**Exercise data**
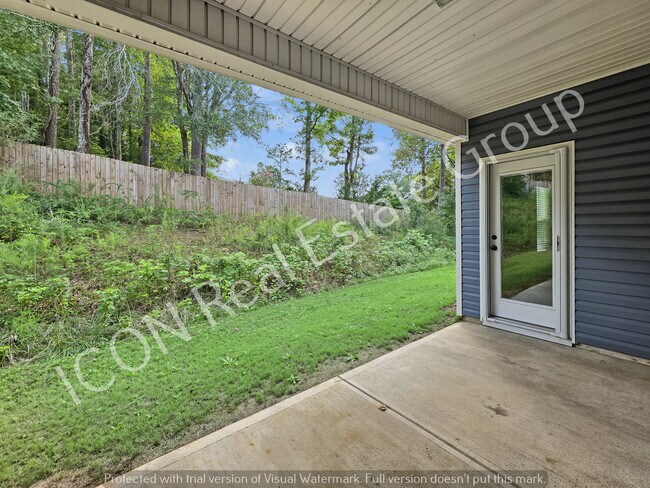 Building Photo - 3/2 Ranch home on large lot!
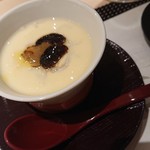 鮨 水月 - しらすの茶碗蒸し、トリュフのせ。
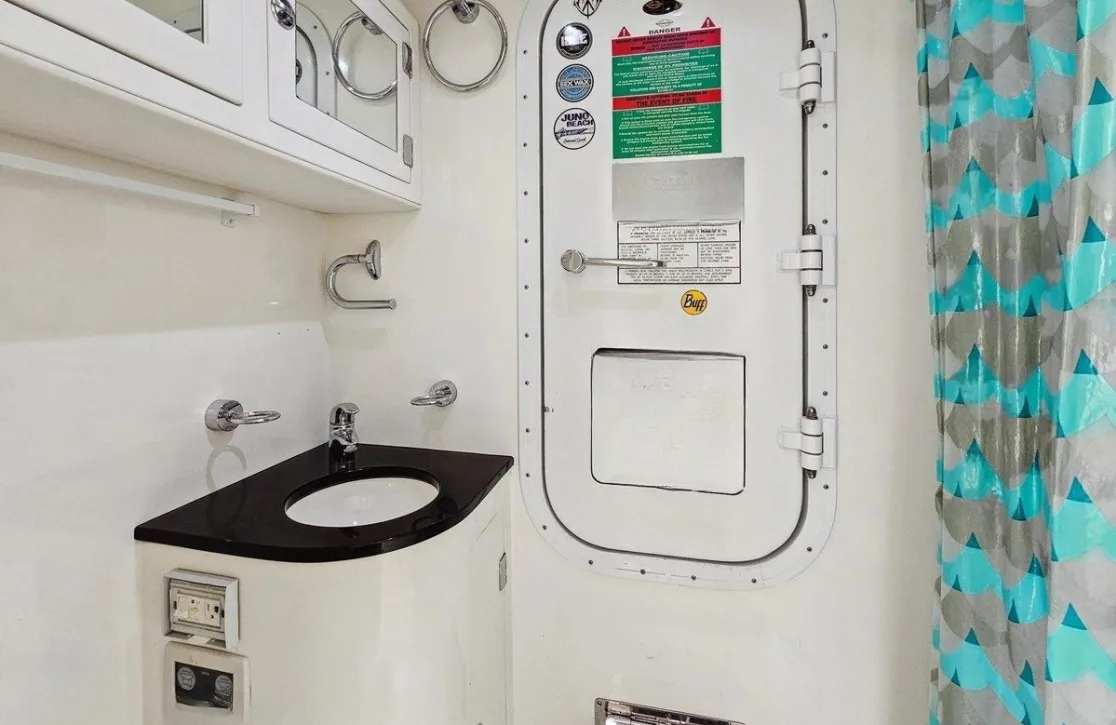 An image of The Cabana yacht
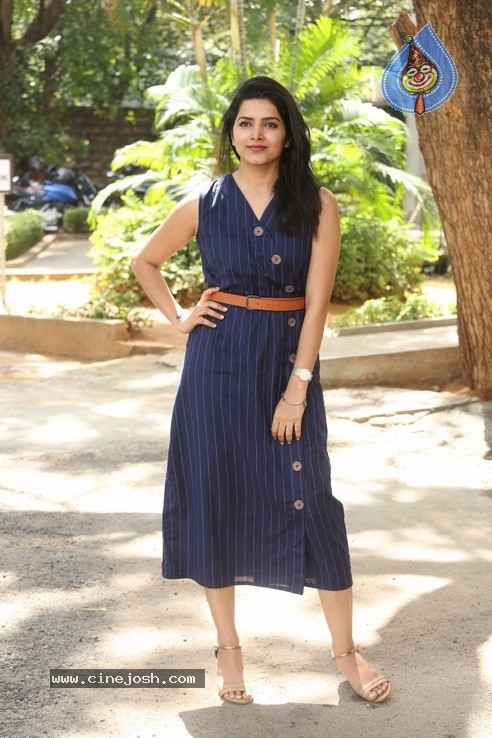 Pavani Gangireddy Stills - 10 / 42 photos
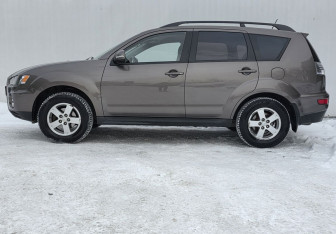 Подержанный автомобиль Mitsubishi Outlander 2011 года (8 фото)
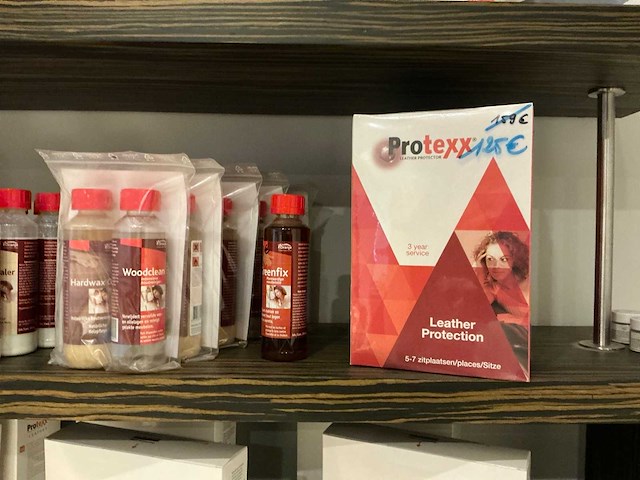 Partij reinigingsproducten voor hout, textiel en leder - afbeelding 4 van  9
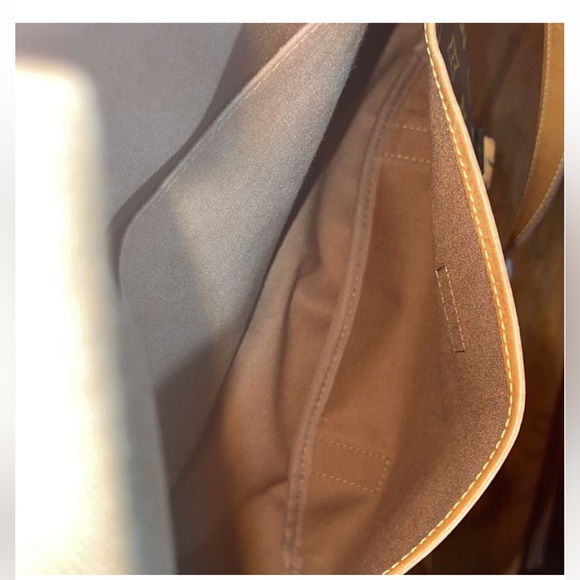 ❗️SOLD❗️LV SAUMUR 43😍ZERO OLD ODOR  ❗️ the only bag u need 2 Travel light💼 EUC - Picture 13 of 16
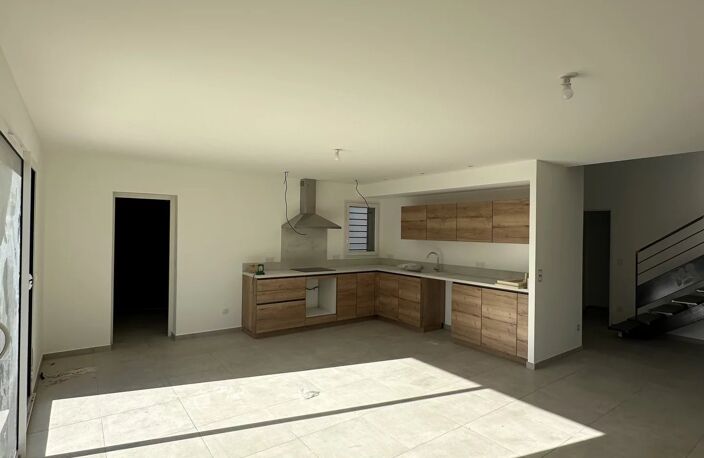 TOREILLES VILLAGE villa 3 faces t4 sur 530m2 de terrain garage jardin — photo 2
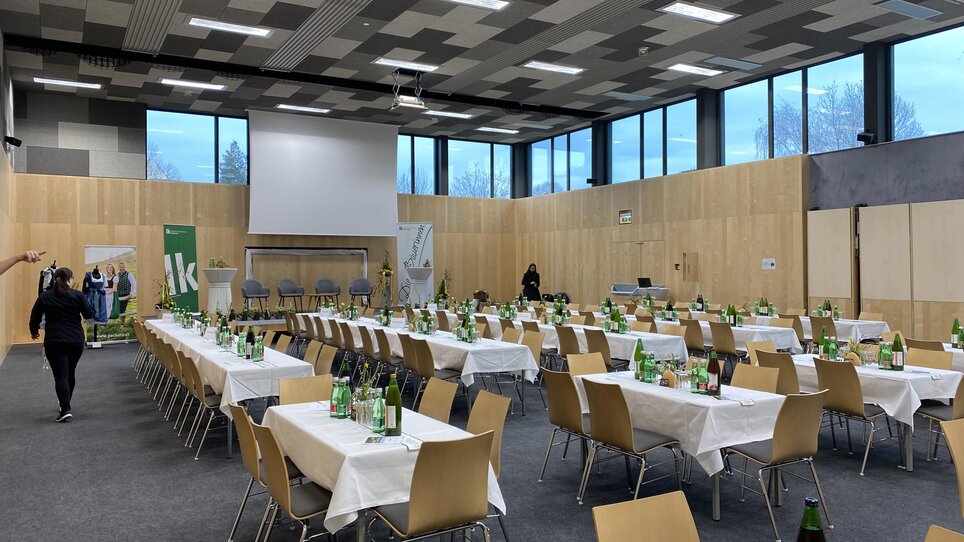 Conference room in JUFA Hotel Maria Lankowitz, set up for a meeting with water bottles on the tables. | © JUFA Hotels - Monika Heinrich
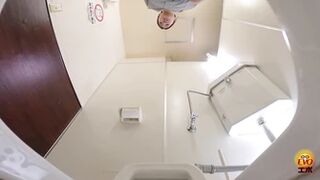DLEE-813 03 Hidden camera in the office: OL trying to hold her pee slips into the toilet 5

**Work required**
Restate the data exactly, though only from the line that contains "Подержанный автомобиль Mitsubishi" through its last line, both ends included and with the pictures left out.

**Exercise result**
 Подержанный автомобиль Mitsubishi Outlander 2011 года (8 фото)
 Partij reinigingsproducten voor hout, textiel en leder - afbeelding 4 van  9
 ❗️SOLD❗️LV SAUMUR 43😍ZERO OLD ODOR  ❗️ the only bag u need 2 Travel light💼 EUC - Picture 13 of 16
 TOREILLES VILLAGE villa 3 faces t4 sur 530m2 de terrain garage jardin — photo 2
 Conference room in JUFA Hotel Maria Lankowitz, set up for a meeting with water bottles on the tables. | © JUFA Hotels - Monika Heinrich
DLEE-813 03 Hidden camera in the office: OL trying to hold her pee slips into the toilet 5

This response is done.